Il me regarda, les yeux humides en hochant la tête avant de se détourner pour poser le vase sur la table qu'il contempla un long moment. Je tâchais de lui donner un minimum d'intimité alors qu'il était perdu dans ses souvenirs, en cherchant moi-même. Automatiquement je remis les dessins sur le frigo, j'en trouvais un que je ne reconnus pas, il était inachevé sur une page de cahier de coloriage arrachée. Comprenant de quoi il s'agissait, mon cœur saigna. Je repris contenance et le montrai à Sharp. Il écarquilla les yeux en le découvrant et le saisit, il ferma les yeux un bref instant avant de le poser sur le frigo.

Il souffla bruyamment en le regardant, puis on échangea un nouveau regard. Il n'avait pas besoin de parler, j'avais compris. J'hochais à nouveau la tête, il s'apprêtait à sortir quand il me dit en désignant du doigt l'ordinateur :

— Je serai en haut ce soir. Au moindre doute, tu sais ce qu'il faudra faire.

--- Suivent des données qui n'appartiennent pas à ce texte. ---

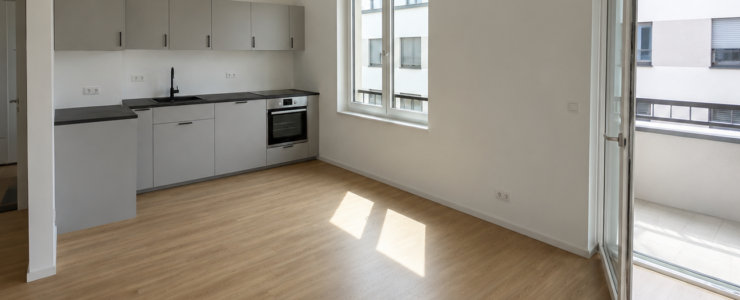 Helle 4-Zimmer-Neubauwohnung mit 2 Bädern, Einbauküche und optionalen Stellplätzen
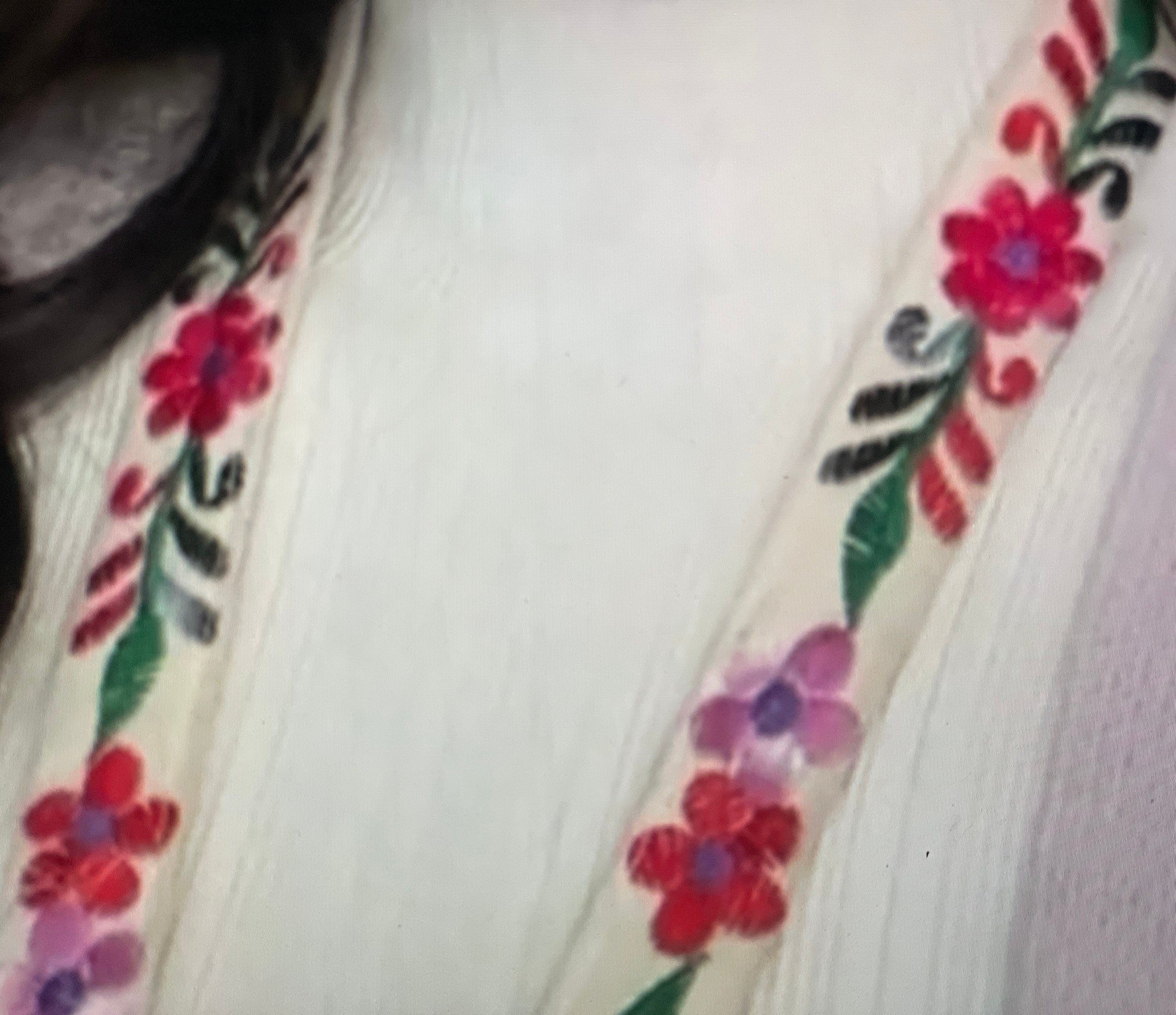 Two tone Floral Embroidered Clip Lanyard Key/ID Holder - Clip Lanyard Key/ID Holder - Artisanal made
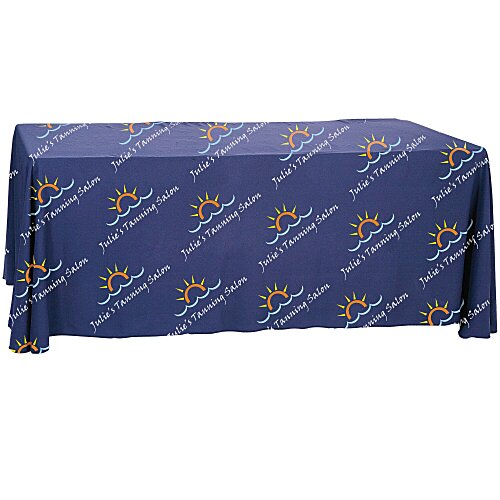 Serged Convertible Table Throw - 4 feet to 6 feet - Full Colour Main Image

Je hochais la tête en guise de réponse avant qu'il ne parte. Je récupérais les affaires de la Frenchie alors que Java entra dans la pièce pour ranger les sacs qui traînaient. Il m'adressa un bref regard chargé de culpabilité qu'il détourna vite, je n'étais pas d'humeur et il en aurait fait les frais rapidement. Je lui fis chauffer une assiette avec de la purée, des petits pois et de la viande qui ressemblait à du poulet pané. C'était pas de la pitié, j'avais juste pas envie de me retrouver à remonter et redescendre les escaliers pour son amusement, même si physiquement je n'avais aucun problème avec les marches, je ne voulais pas lui offrir un nouvel instant de triomphe comme elle l'avait eu. Oui, j'avais bien compris que ça l'avait amusée de me faire redescendre pour ses affaires. Je remontais les marches rapidement et toquais à la porte de la pièce avant d'y rentrer quand je l'entendis m'y inviter. Elle n'avait pas bougé du coin de la commode et de la porte de la salle de bain, se tenant à celle-ci pour ne pas s'effondrer et vu son état elle aurait dû s'asseoir, ce dont je ne me gênais pas de lui faire remarquer.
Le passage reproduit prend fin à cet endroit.